YOUR OBJECTIVE -> There are pictures in the records below; leave them out and set down exactly the lines from the one holding "A cozy living" through the one holding "lot 135 image: Shopping".

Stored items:
────────
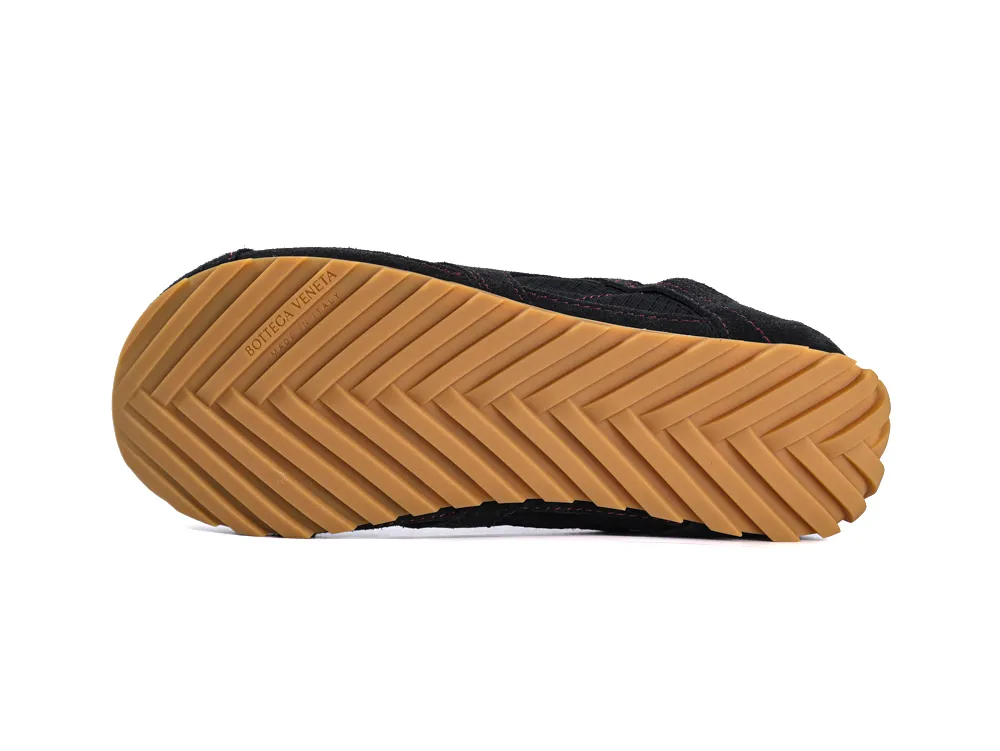 Black shoe with tan rubber sole, featuring a herringbone pattern for grip.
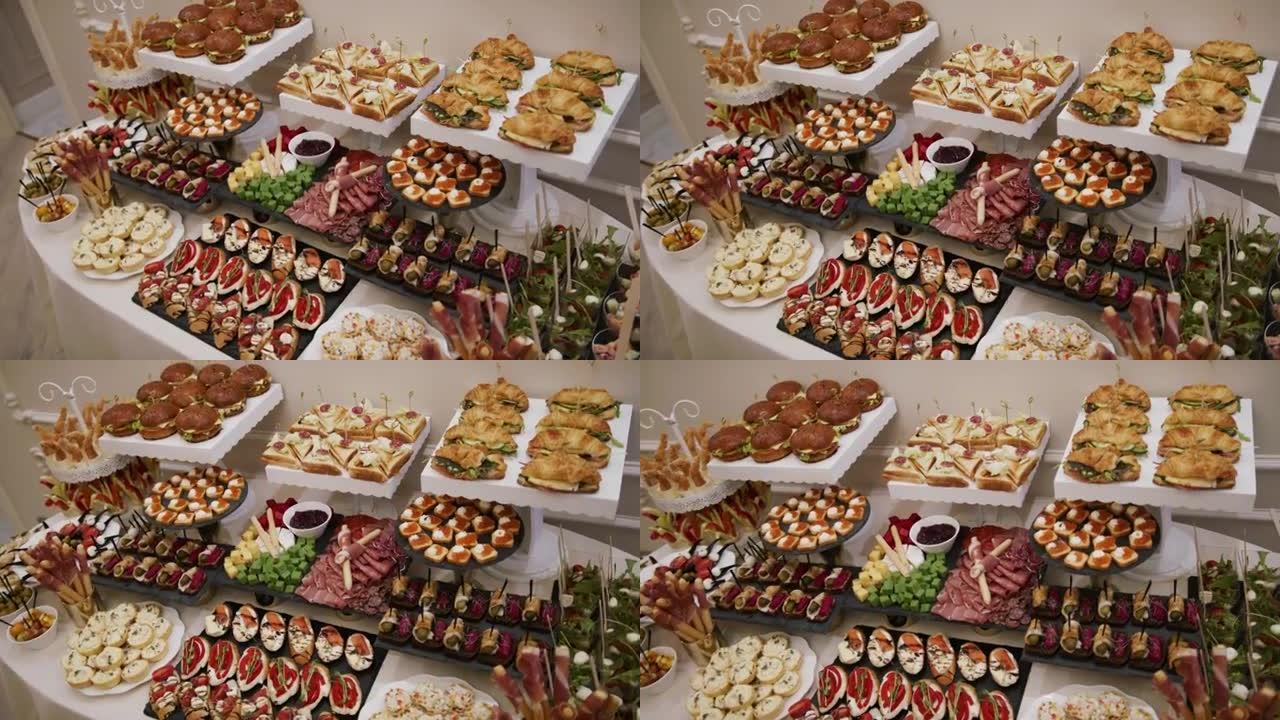 餐桌上有各种小吃: 传统小吃或派对、活动和鸡尾酒的开胃菜，在正式招待会的主餐前供应。以面包为基础，顶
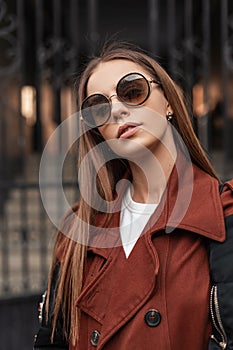 Fashionable portrait beautiful young hipster woman in trendy trench coat in stylish dark sunglasses with long hair near vintage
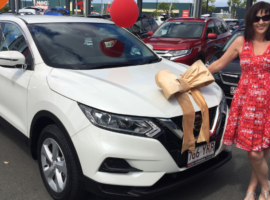 Brisbane Car Broker's customer Leanne, with her brand new Nissan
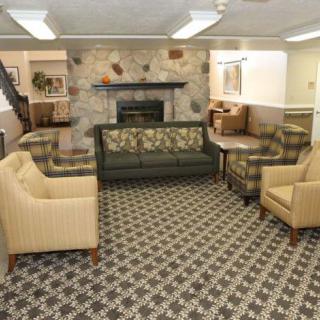 A cozy living room with various sofas and chairs around a stone fireplace, featuring patterned carpet.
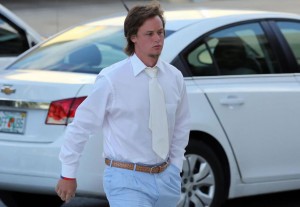 "Tayla the Manatee Slaya" walks to his court case in a white dress shirt, a '70's era wide white tie, brown golf belt, and baby blue slacks.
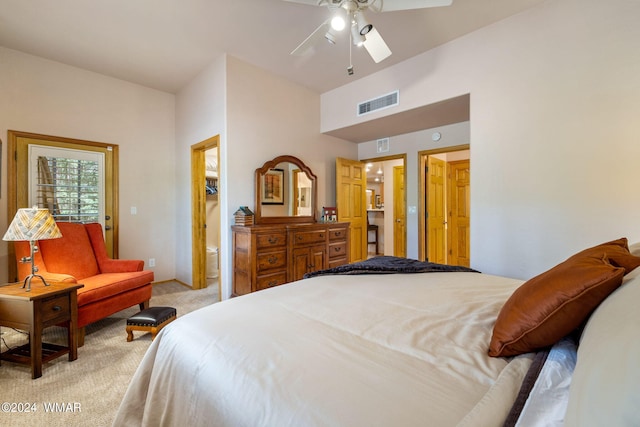 bedroom with a ceiling fan, light colored carpet, and visible vents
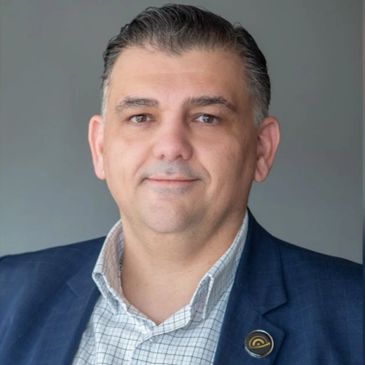 Professional man in a blue suit jacket and checked shirt with a pin on his lapel.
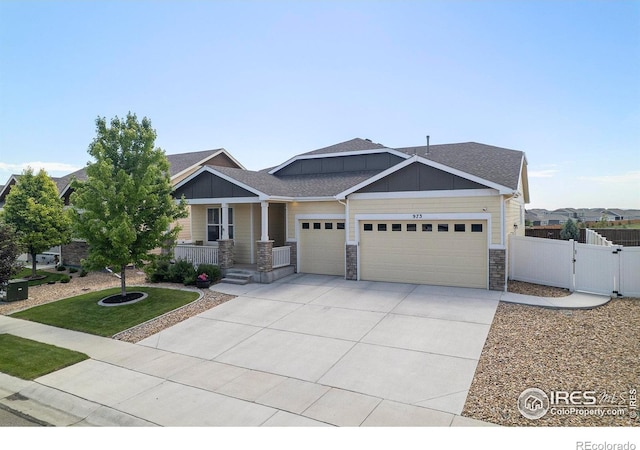 973 Mt Andrew Dr, Severance, CO 80550 - craftsman house with a garage, a gate, stone siding, covered porch, and concrete driveway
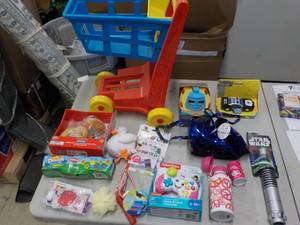 lot 135 image: Shopping Cart and Random Toys...
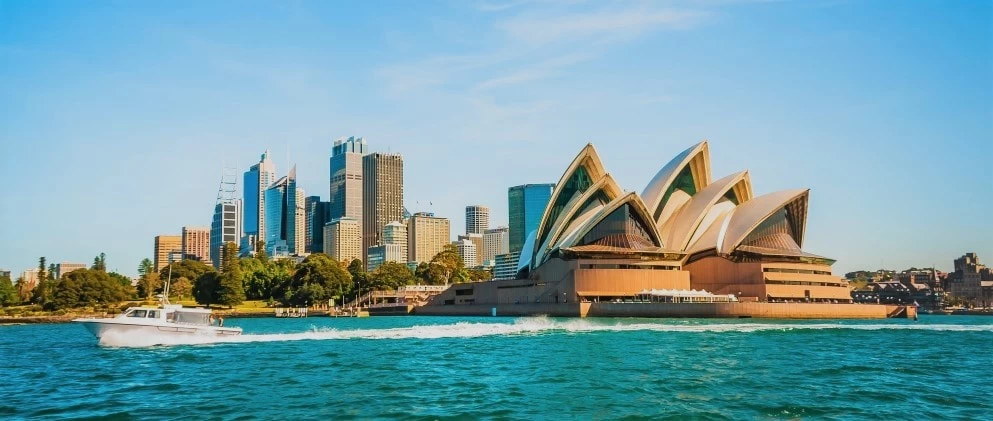 A landscape view of the Sydney Opera House, and the surrounding skyline. 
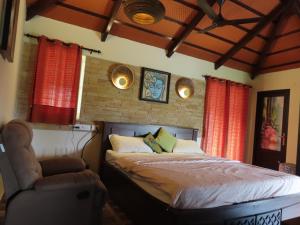 a bedroom with a bed and a chair at Misty Hills Retreat in Coimbatore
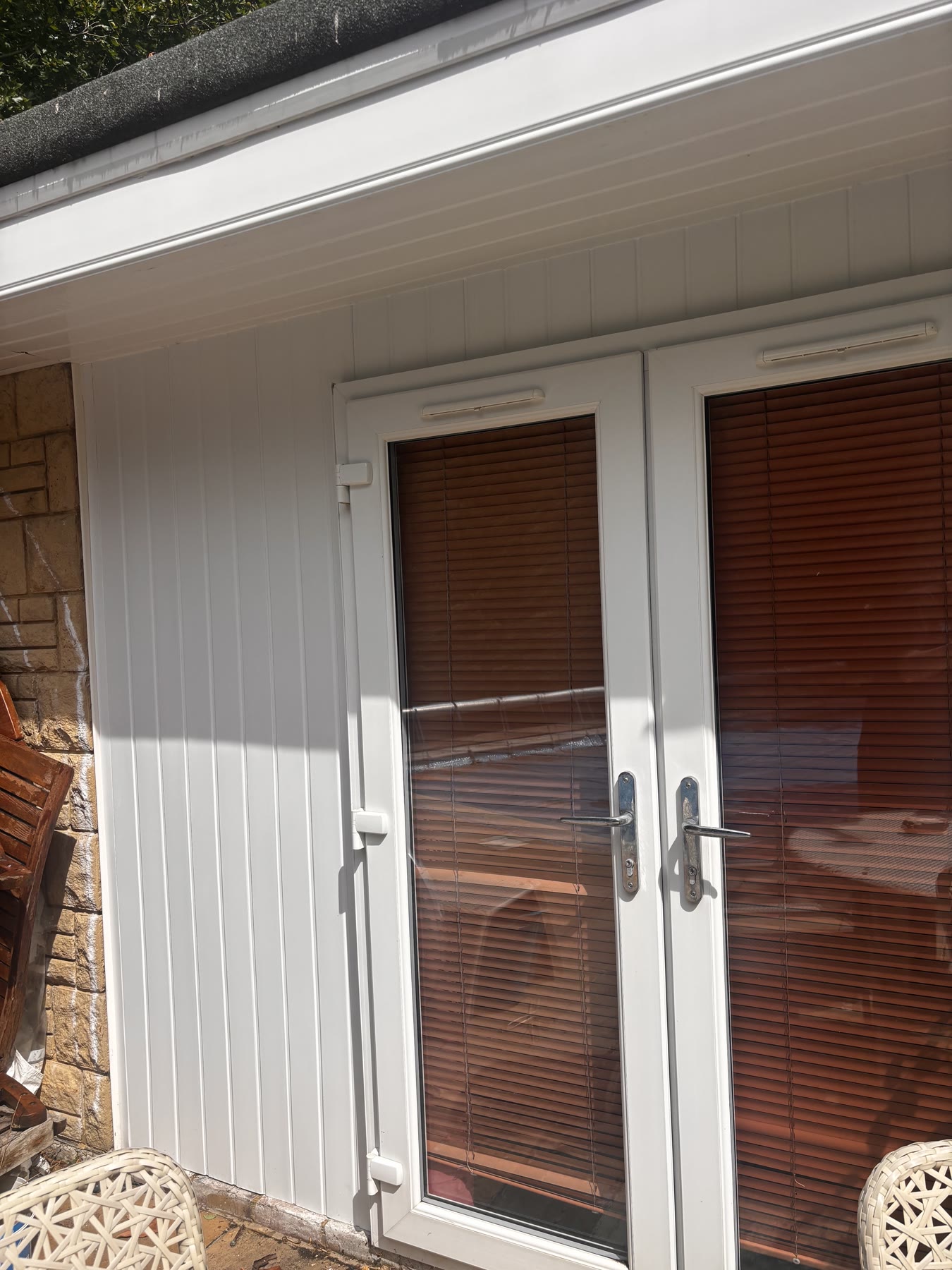White fascia and soffit above patio doors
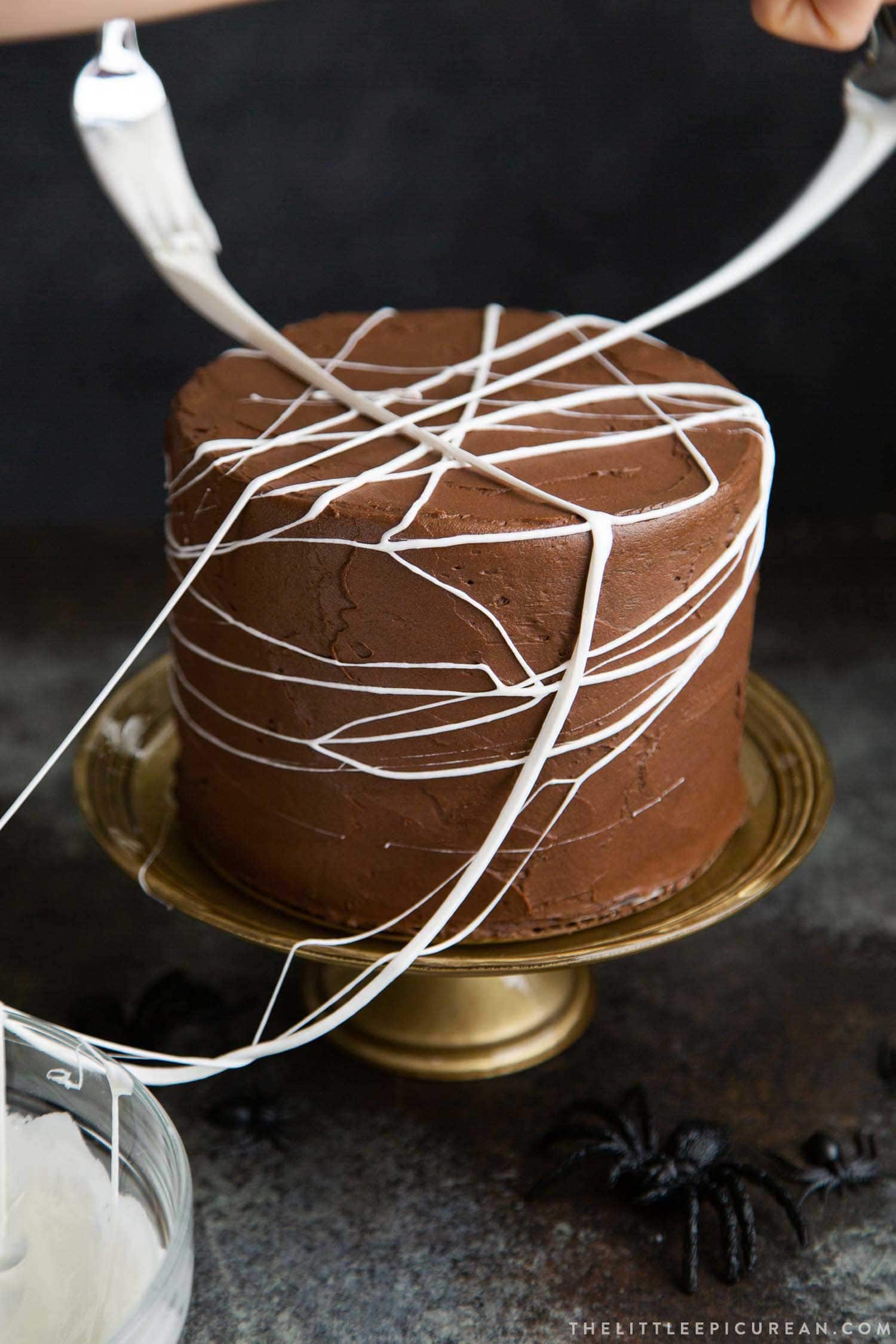 Chocolate Spider Web Cake. Three layer chocolate cake frosted with simple chocolate buttercream and decorated with marshmallow spider webs. It's the perfect Halloween treat!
────────
EXERCISE RESPONSE ->
 A cozy living room with various sofas and chairs around a stone fireplace, featuring patterned carpet.
 "Tayla the Manatee Slaya" walks to his court case in a white dress shirt, a '70's era wide white tie, brown golf belt, and baby blue slacks.
 bedroom with a ceiling fan, light colored carpet, and visible vents
 Professional man in a blue suit jacket and checked shirt with a pin on his lapel.
 973 Mt Andrew Dr, Severance, CO 80550 - craftsman house with a garage, a gate, stone siding, covered porch, and concrete driveway
 lot 135 image: Shopping Cart and Random Toys...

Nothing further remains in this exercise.